Foisonnante décoration en gothique flamboyant sur l'élévation sud. |
Le
transept et ses croisillons, XIIIe siècle (1/2).
Le transept a été construit après l'achèvement des parties
hautes de la nef. Les historiens, comme Jean Vallery-Radot
et Jacques Thirion donnent la période 1260-1280.
Les croisillons nord et sud offrent quelques différences
dans leur architecture et leur ornementation. Certes,
ils ont chacun deux travées couvertes d'une voûte
d'ogives quadripartite, ils ont le même type d'élévation
à deux niveaux séparés par une coursière et la même
grande baie riche d'un vitrail du XIXe siècle. Mais
contrairement à la nef,
la proportion donnée aux étages paraît plus équilibrée.
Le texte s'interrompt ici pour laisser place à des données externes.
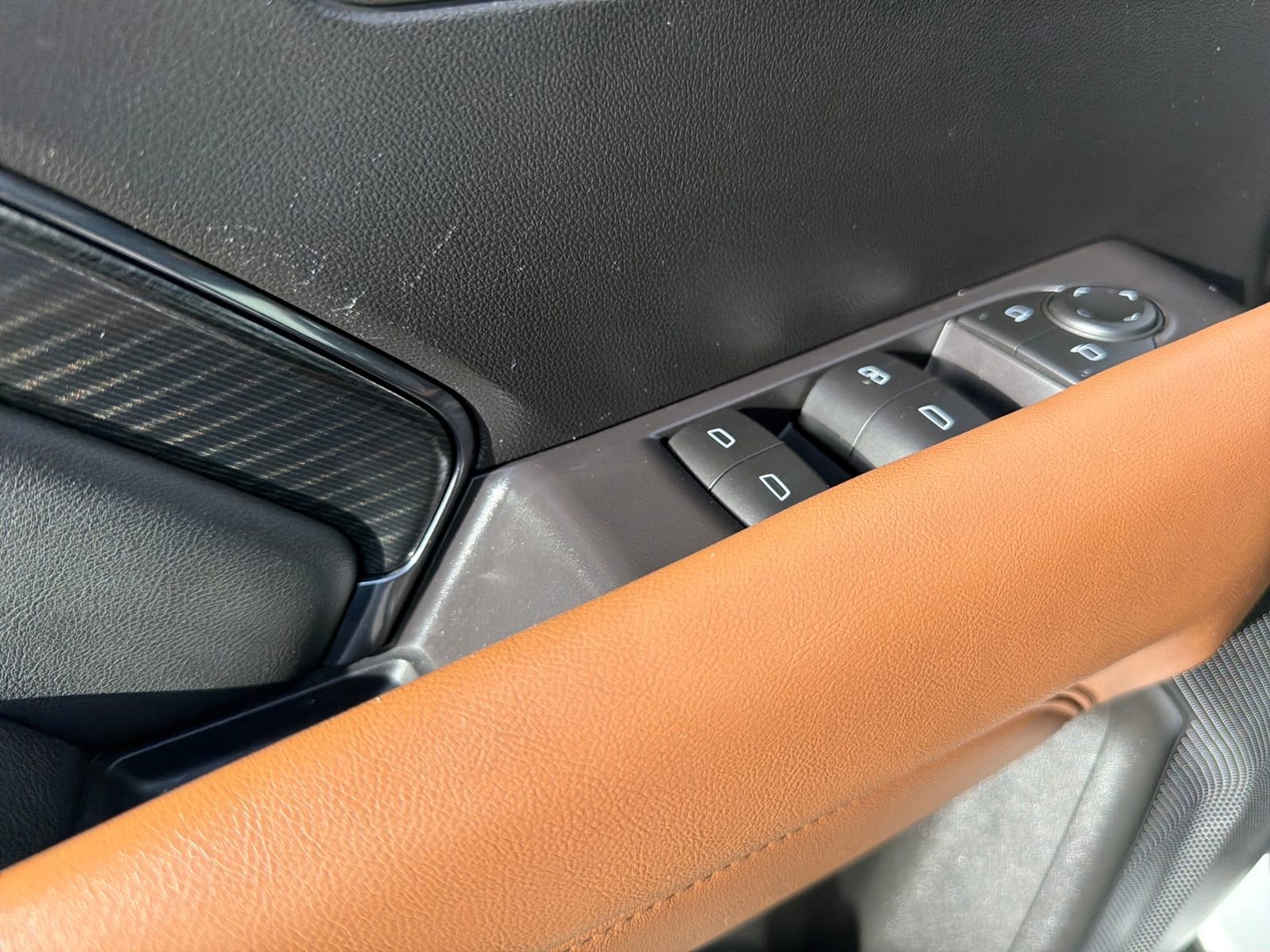 Used 2023 GMC Canyon AT4 image 16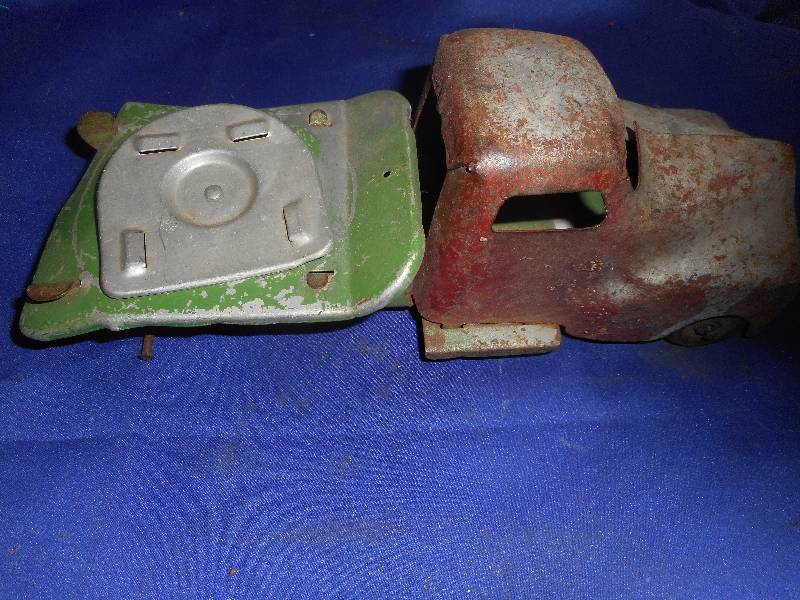 ANTIQUE METAL TRUCK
Les coursières abritent, au nord et au sud, des statuettes
de la fin du XIIe siècle représentant les apôtres
(avec une tête souvent refaite au XIXe siècle).
Entre les croisillons, le style diffère : au nord,
la sobriété ; au sud,
la profusion.
Au sud,
on observe une construction richement ornée d'arcatures
aveugles de différente taille, de rosaces, de polylobes,
etc. (photos ci-dessus, ci-contre et plus
bas). Le tout dans une disposition sans grand ordre.
Sur le côté oriental de ce croisillon, deux niches
peu profondes accueillent deux autels et leurs peintures
murales des XIIIe et XIXe siècles (photo ci-dessous).
Au nord,
le style rayonnant domine dans une disposition sobre
et monumentale. Une grande
chapelle baroque dédiée à saint Pierre, saint Léonard,
saint Jérôme et saint Michel vient compléter
l'arcature un peu froide qui orne le premier niveau
de l'élévation.
Les grandes verrières des deux baies 117
au nord et 118
au sud reçoivent des créations du XIXe siècle
(ateliers étienne Thevenot en 1845-48 et Nicolas Coffetier
en 1873).
Pour donner un peu de chaleur à l'arcature rayonnante
du bras
nord, on y a disposé une suite
de petits tableaux datés du milieu du XVIIe siècle
et illustrant la Passion. à l'origine, payés par le
chanoine trésorier de la cathédrale, ils ont été conçus
pour orner la chapelle
axiale.
Dix-huit de ces panneaux ont été sauvegardés à la Révolution,
mais il n'en subsiste que douze. Au XIXe siècle, on
leur rajouta une huile sur toile de la Présentation
au temple. Le peintre Gabriel Herson, venu
de Falaise et installé à Bayeux,
reçut commande de ce programme.
L'historien Emmanuel Luis explique dans l'ouvrage de
référence Bayeux, joyau du gothique normand,
que ces petits tableaux ont été conçus, selon
la pratique courante de l'âge classique, à partir
de modèles gravés. En effet, les toiles des maîtres
donnaient souvent lieu à un transfert sur gravure, ce
qui permettait leur reproduction imprimée.
---»» Suite 2/2
à droite.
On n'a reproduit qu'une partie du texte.